If you’re a developer that wants to use free and open source software then sooner or later you’re going to need to talk to a lawyer. Many developers have a working understanding of software intellectual property, but unfortunately software copyright is a space fraught with exceptions and edges and ambiguities. Someone came up with the (now shortsighted) idea of applying copyright law to software back in the day when programs were no bigger than books, because it was a form of creative expression. The average business lawyer is at a loss around software IP law unless they’ve spent time learning the nuances, and even then you will find software patent lawyers and software copyright lawyers deferring to one another’s expertise because (at least in the U.S.) it’s just too complicated to hold it all in one’s head. I once learned from a legal colleague the best way to start a conversation about open source with a lawyer that hasn’t yet really encountered it or the licensing terms surrounding OSS. Essentially, you need to get them on side to understand the economic motivation, and to get them away from the concerns over derivatives, plagiarism and lawsuits. Ask the lawyer, if when they start a new contract, do they start with a “blank piece of paper.” Most will say “no” in a variety of forms. So ask them why not. Typically the answers boil down to:
- The text is purely functional. There is only one way to say certain things clearly.
- There’s de minimus risk, which is a fancy way of legally saying, “No one would ever sue us for that ....”
- The text is peer reviewed and proven to work.

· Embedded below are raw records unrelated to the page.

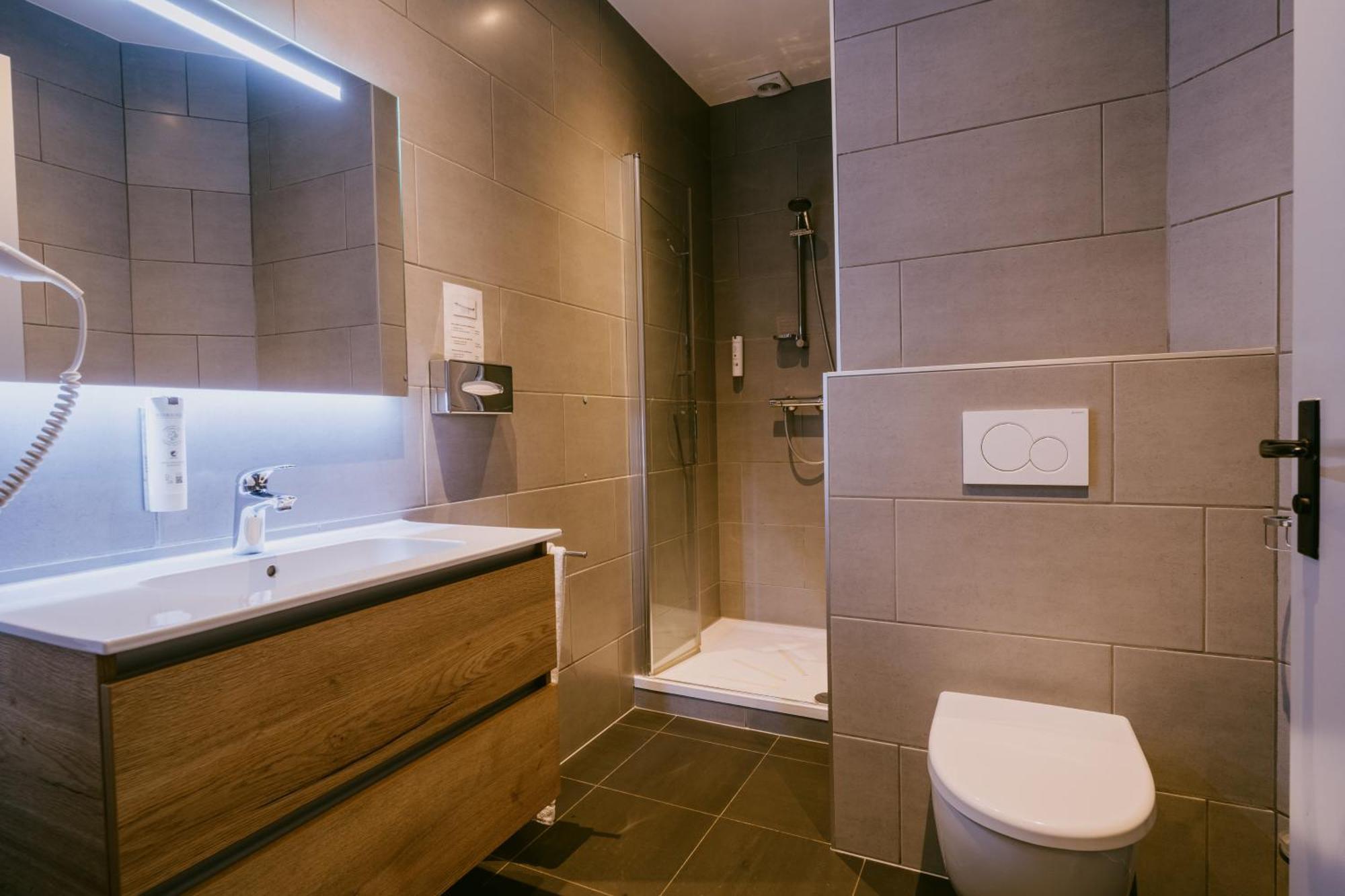 Hotel L'Eau Vive Vresse-sur-Semois Bagian luar foto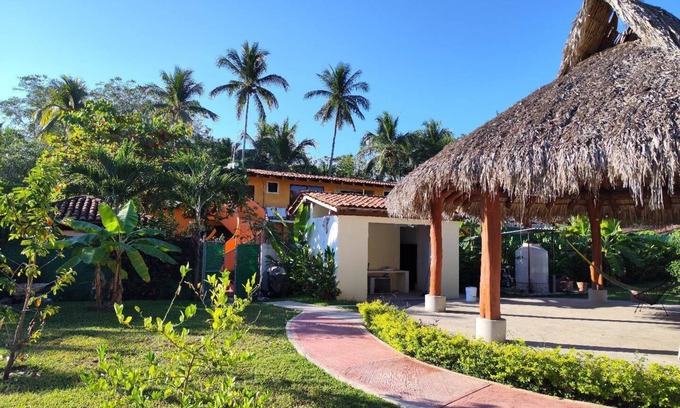 Ixtapa - Zihuatanejo Hotel | Hotel J.B.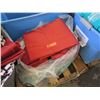 Image 2 : Pallet Multiple Party Rental Linens Misc Colors, Patterns & Fabrics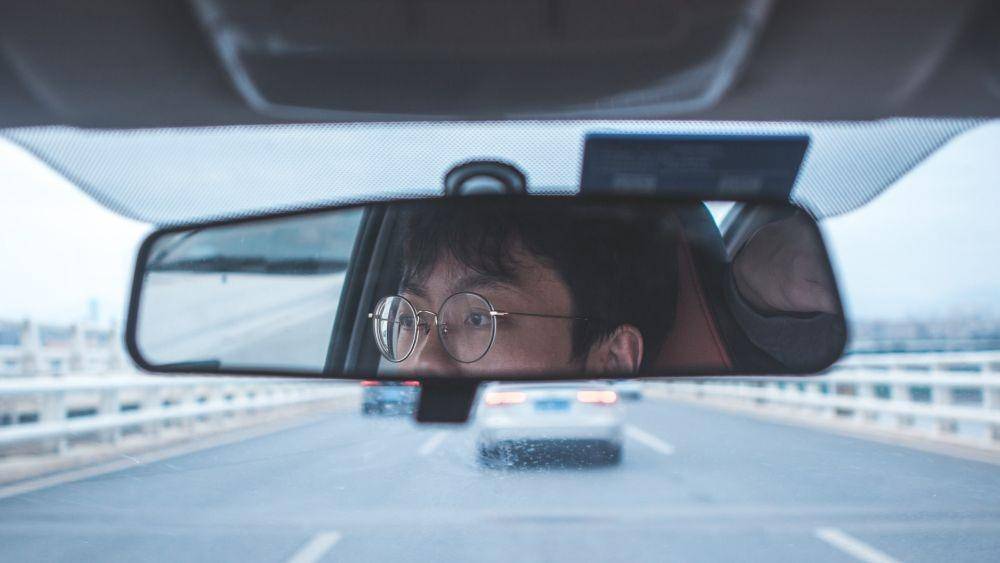 Ilustrasi Spion Mobil (unsplash.com/cheese yang)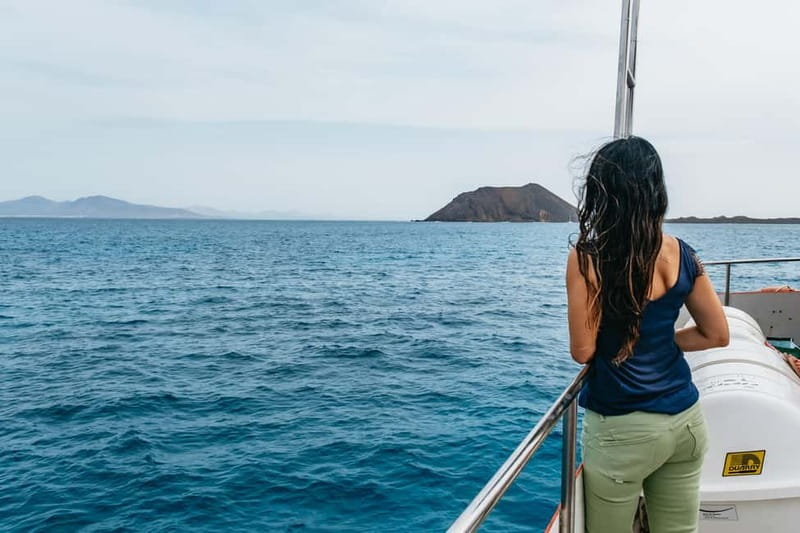 Desde Corralejo: Lobos Island Ferry with Optional Transfer - Booking details worth handling early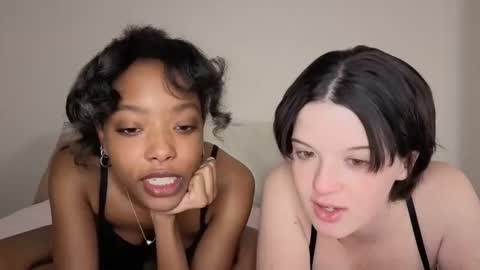 Snapshot of cuntyanna chatting on 11.30.25 Anna online show from 11.30.25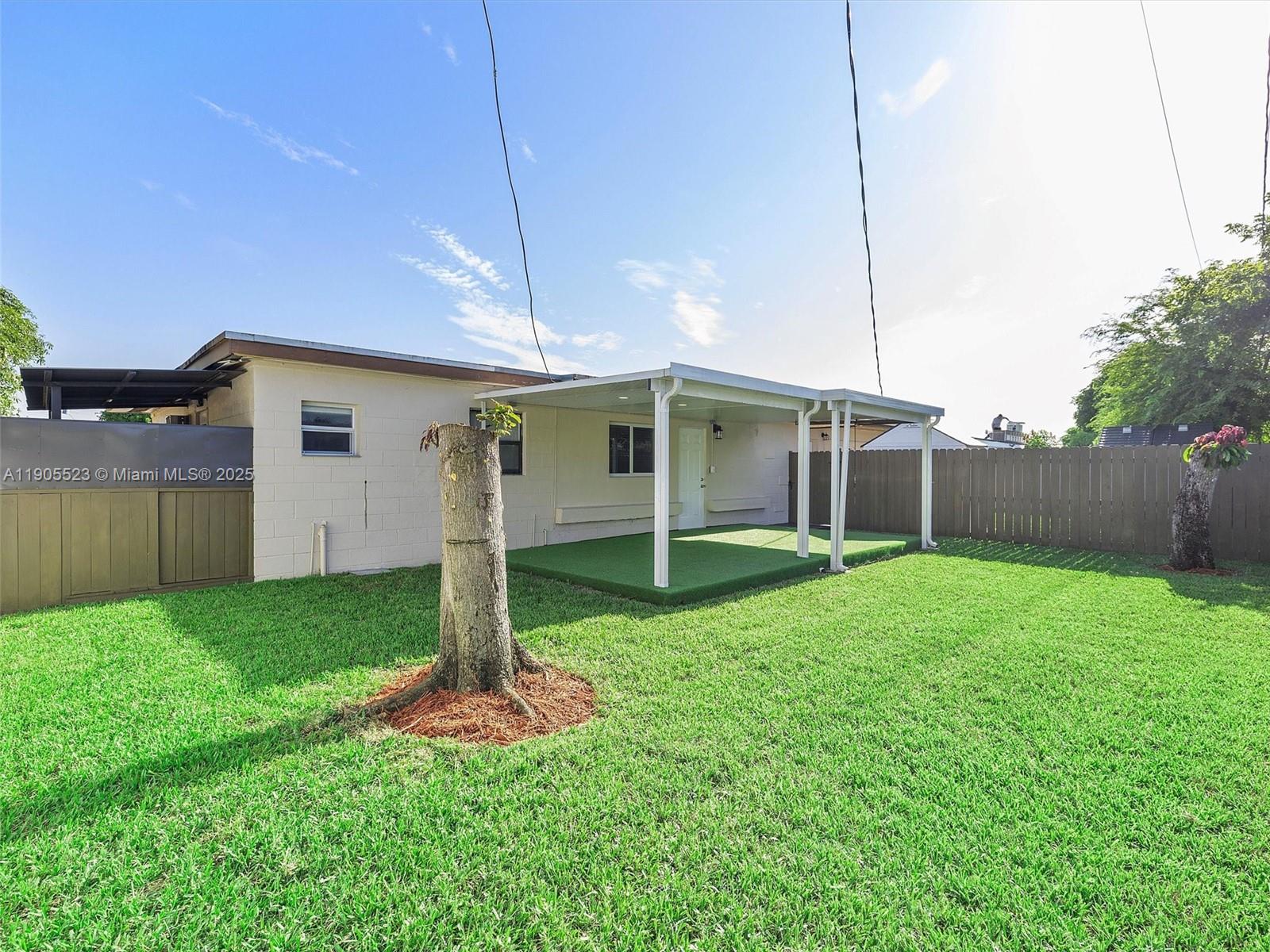 CAROL CITY - Residential Lease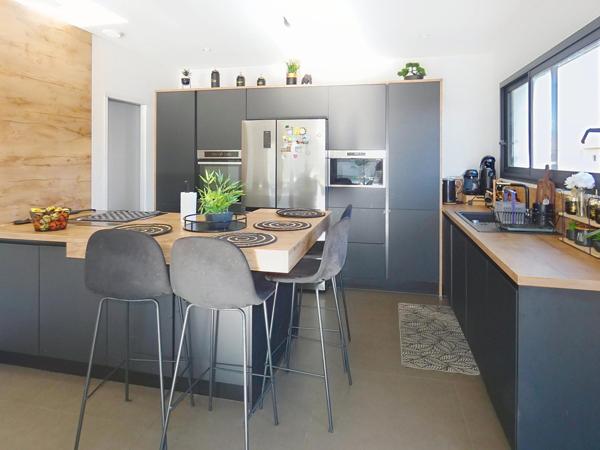 Villa plain pied type californien 168m² sur terrain avec pisicine de 896m²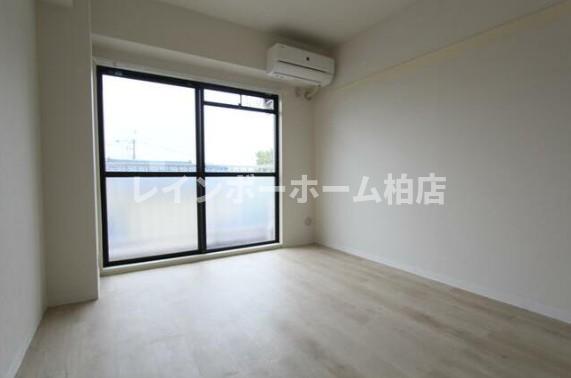 その他部屋・スペース　使い勝手のいい寝室です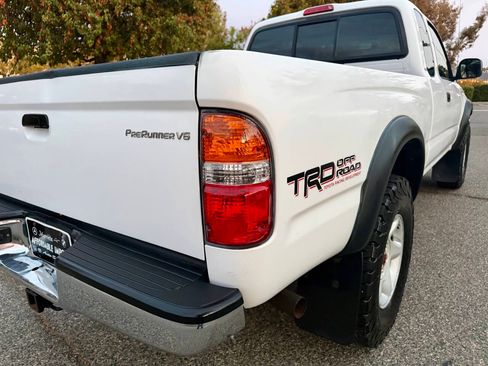 Used 2004 Toyota Tacoma 2WD Xtracab PreRunner V6 image 16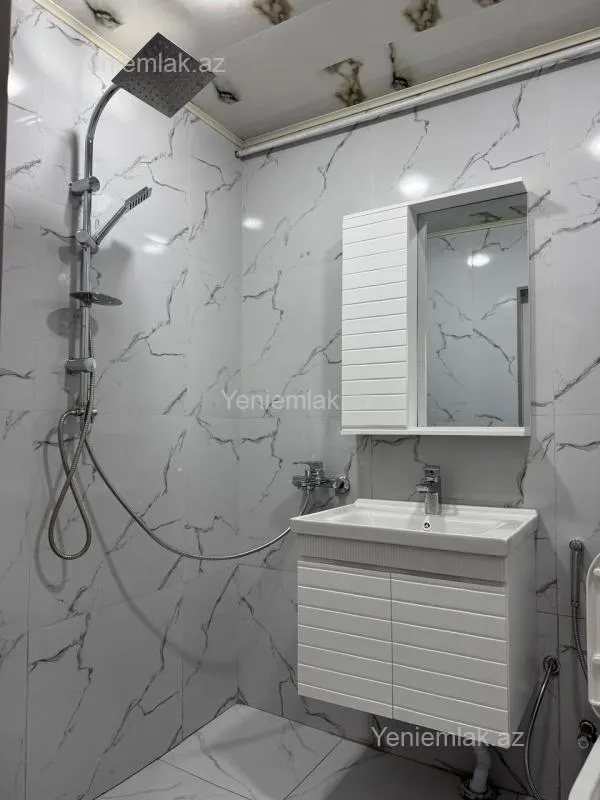 Satılır 2 otaqlı köhnə tikili 55 m²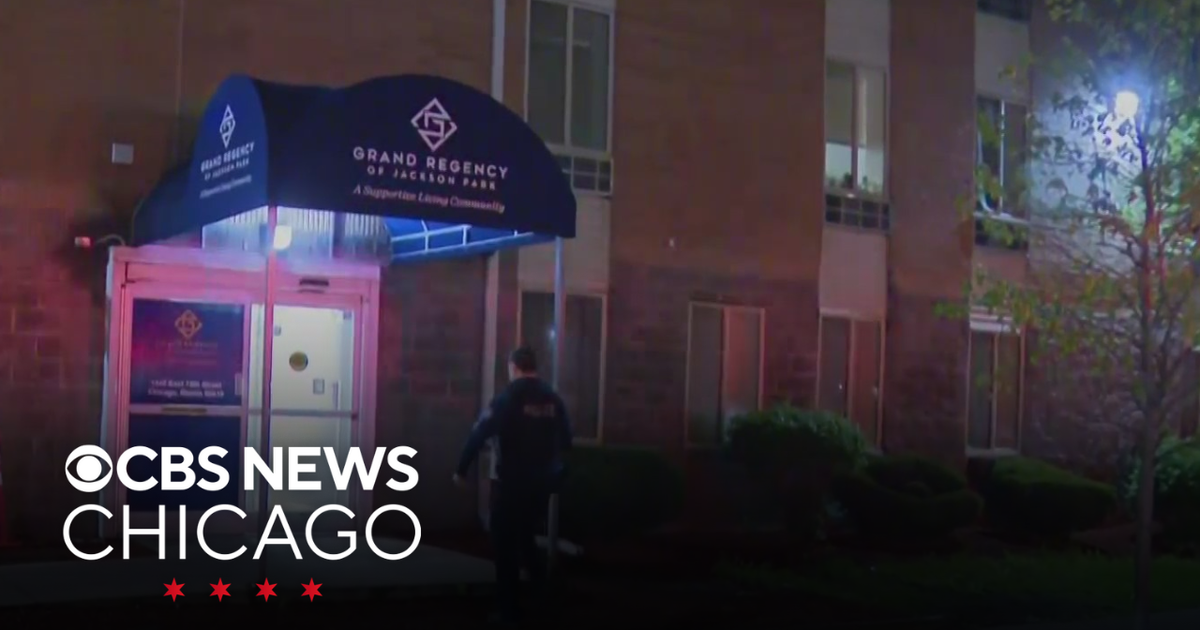 Chicago police shoot, kill man armed with knife at assisted living ...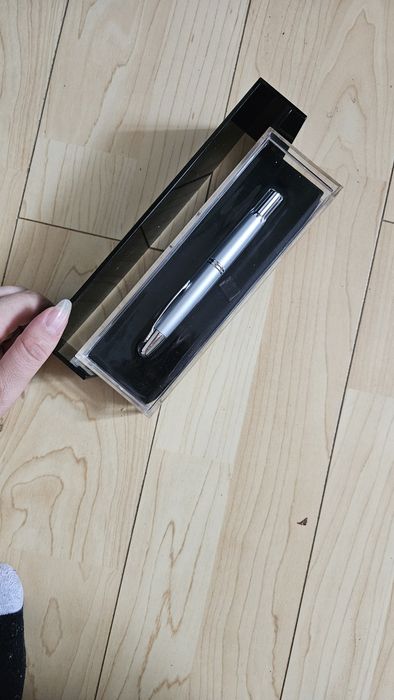 Pilot Capless – peniță aur 18K 750, M – argintiu, cu cutie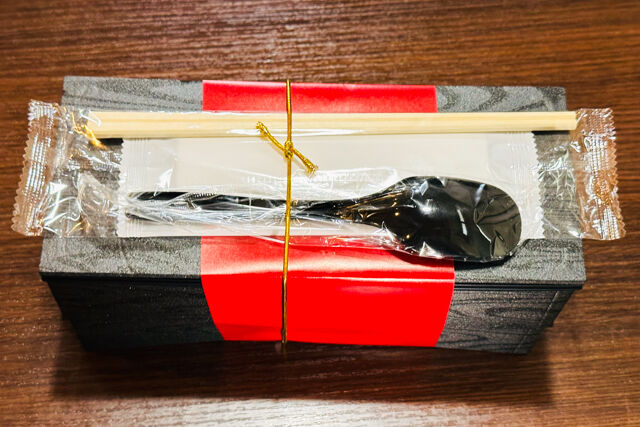 台湾料理 媽媽-海老チリ&ホタテ炒飯二段重高級中華御膳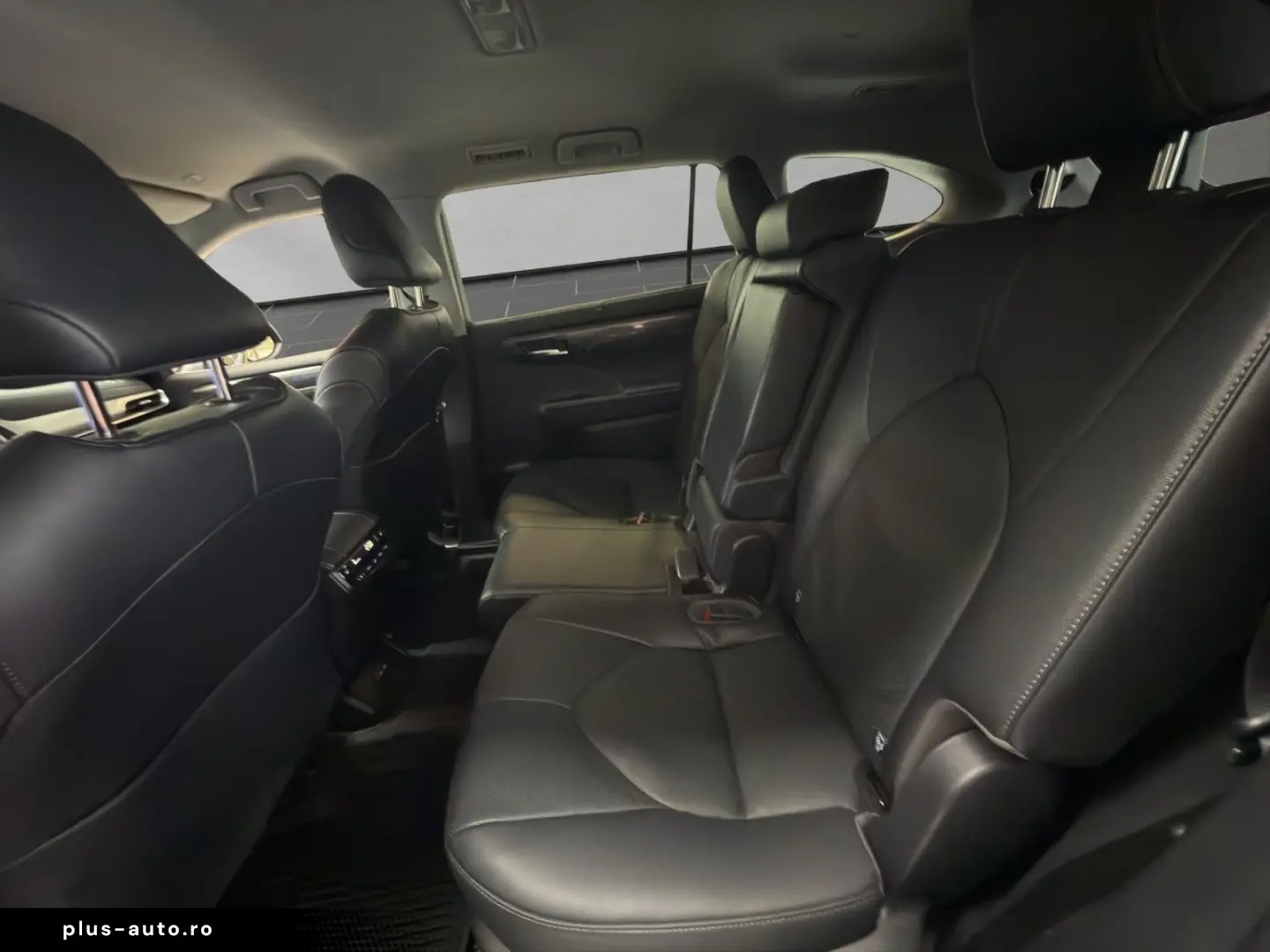 Highlander Hybrid Luxury  HUD 7-Sitze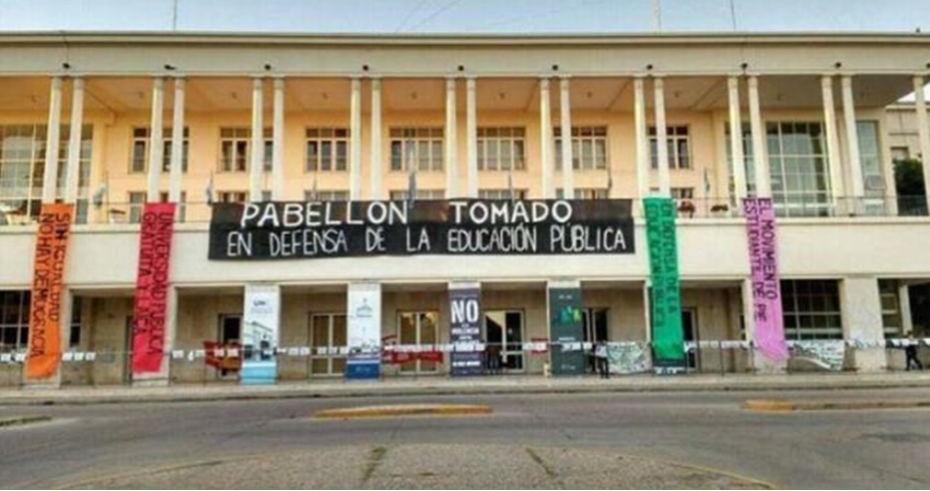 Procesan a 27 estudiantes por la toma de la Universidad Nacional de Córdoba | Córdoba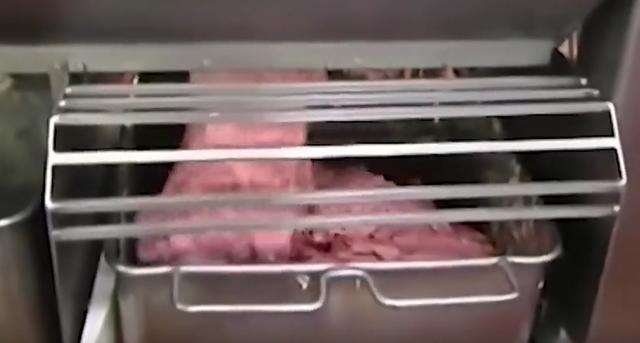  姐的面包给你夹火腿吃 扇贝想吃大香肠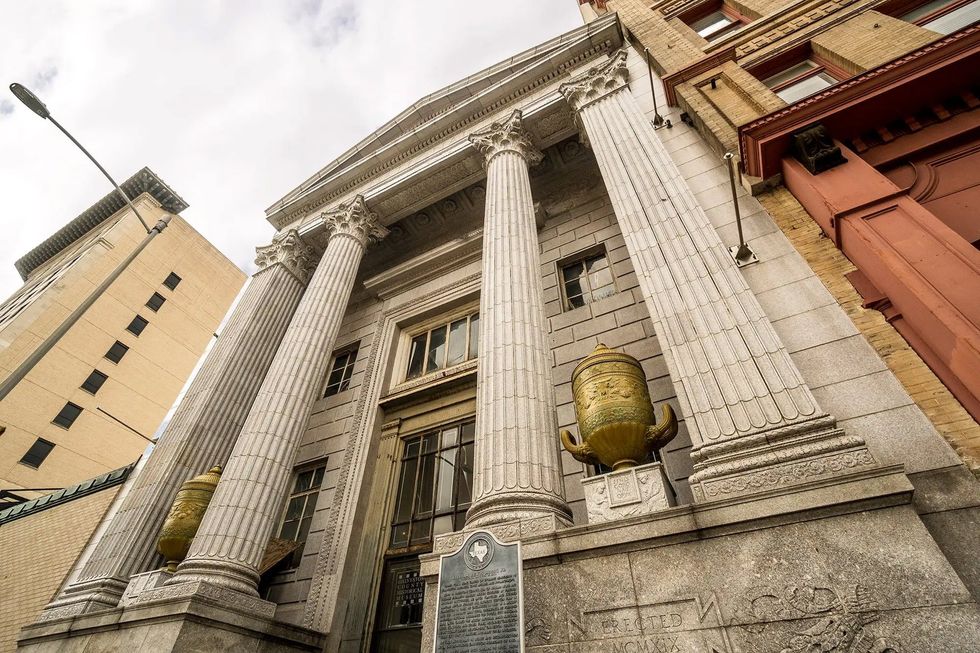 Galveston City National Bank Building, Built 1920 - 2219 Market Street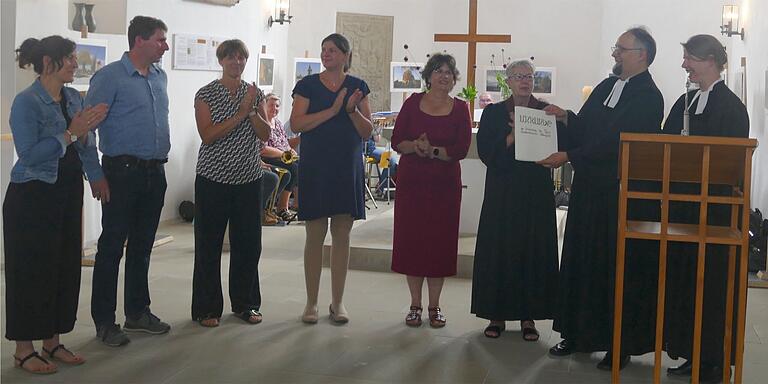 Vertreter der Kirchengemeinde nahmen die Gründungsurkunde der neuen Kirchengemeinde Sickershausen-Hohenfeld in Empfang, überreicht von Pfarrer Simon Gahr und seiner Vorgängerein Pfarrerin Esther Zeiher. Vertreter der Kirchengemeinde nahmen die Gründungsurkunde der neuen Kirchengemeinde Sickershausen-Hohenfeld in Empfang, überreicht von Pfarrer Simon Gahr und seiner Vorgängerein Pfarrerin Esther Zeiher.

The compounded economics of shared creation of work that’s proven to be “bug free” from multiple reviews and re-use in multiple settings over time is obvious to lawyers in their own field. Lawyers program in English. (Okay, that was a very culturally-centric way of saying it.) Lawyers also work to tight timeframes, and may well be assembling a multipart complex agreement as a team. Lawyers want to ensure they are clearly articulating an agreement which will form an interface between two parties for action and accountability. By getting a lawyer new to open source to understand that they share text all the time that in theory has a copyright on it the second their “pen leaves the page,” you are well on your way to getting them to where they need to be in the open source software discussion. Then the problem becomes one of deeper education because your lawyers will have questions. There are not a lot papers on the web that aren’t being used as an on ramp to selling services or tools. While no lawyer is comfortable with “competing bodies of text” to their licenses, wanting to be able to say “the license says what the license says” if they need to defend it, there are still good materials out there. The license stewards are excellent places to start for knowledge of the licenses and how to think about them.
- The Free Software Foundation as steward of the GPL family of licenses maintains excellent discussions about their licenses, a long FAQ, and an excellent discussion of GPL compatibility with other licenses.
- The Eclipse Foundation as steward of the Eclipse Public License maintains an FAQ on its license.
- The Apache Software Foundation maintains an FAQ about the Apache License.
- The BSD license is pretty straight forward, and the University of California, Berkeley even published the following note on the “advertising” clause, should you need to help your lawyer understand the change.
There are a number of books on software intellectual property for developers. (My favourites are Van Lindberg and St. Laurent.) Lastly, I’ll point you to a recording of the session where my lawyer friend explains to the audience about helping lawyers think about open source software. [Start at minute 14:20.] The audience comments are as much fun as the content.